--- Data records Enclosed Below ---
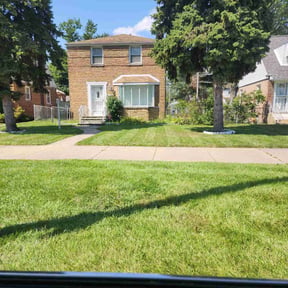 gardening service by Crop Circle Lawn &amp; Property Maintenance reviewed on May 2, 2024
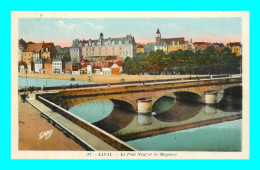 A900 / 133 38 - LAVAL Le Pont Neuf Et La Mayenne - Laval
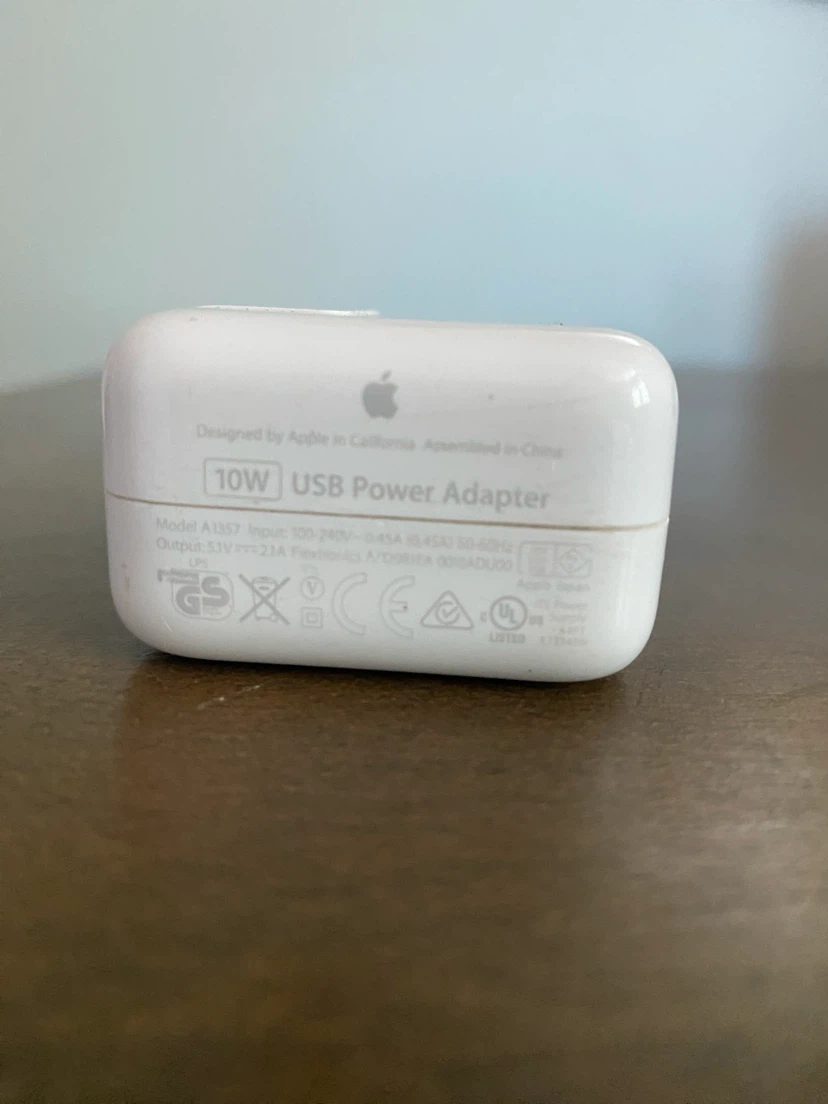 Apple 10W USB Power Adapter - photo 5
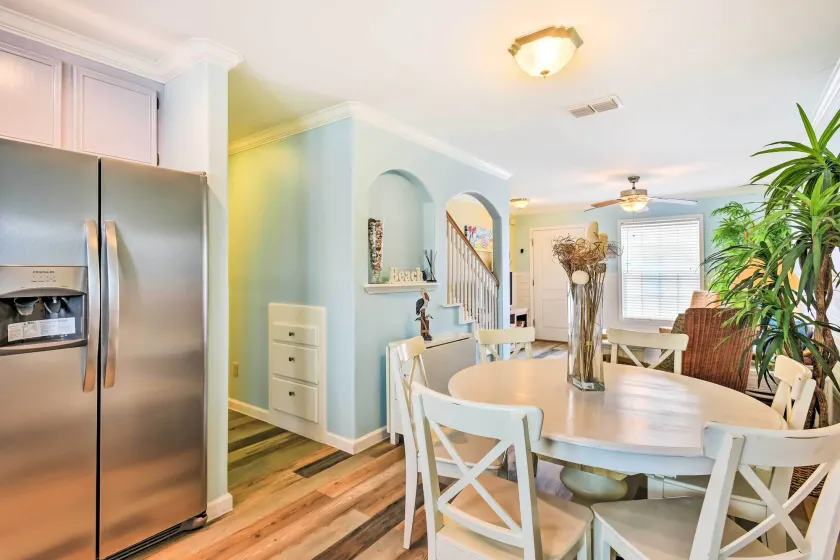 Near Port Aransas Beach: Condo w/ Pool Access - Intérieur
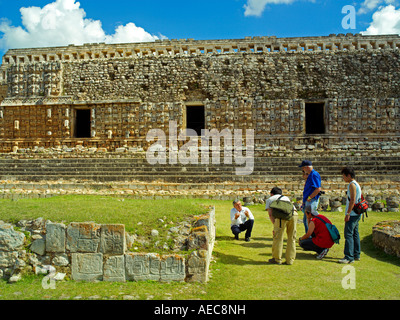 Un tour guida per spiegare le iscrizioni presso il palazzo di maschere in Kabah Foto Stock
--- End of Enclosed Data records ---
### To do:
All lines from the one containing "Apple 10W USB Power Adapter - photo 5" through the end of the data are to be restated exactly, with nothing else and without the pictures.

### Exercise answer:
 Apple 10W USB Power Adapter - photo 5
 Near Port Aransas Beach: Condo w/ Pool Access - Intérieur
 Un tour guida per spiegare le iscrizioni presso il palazzo di maschere in Kabah Foto Stock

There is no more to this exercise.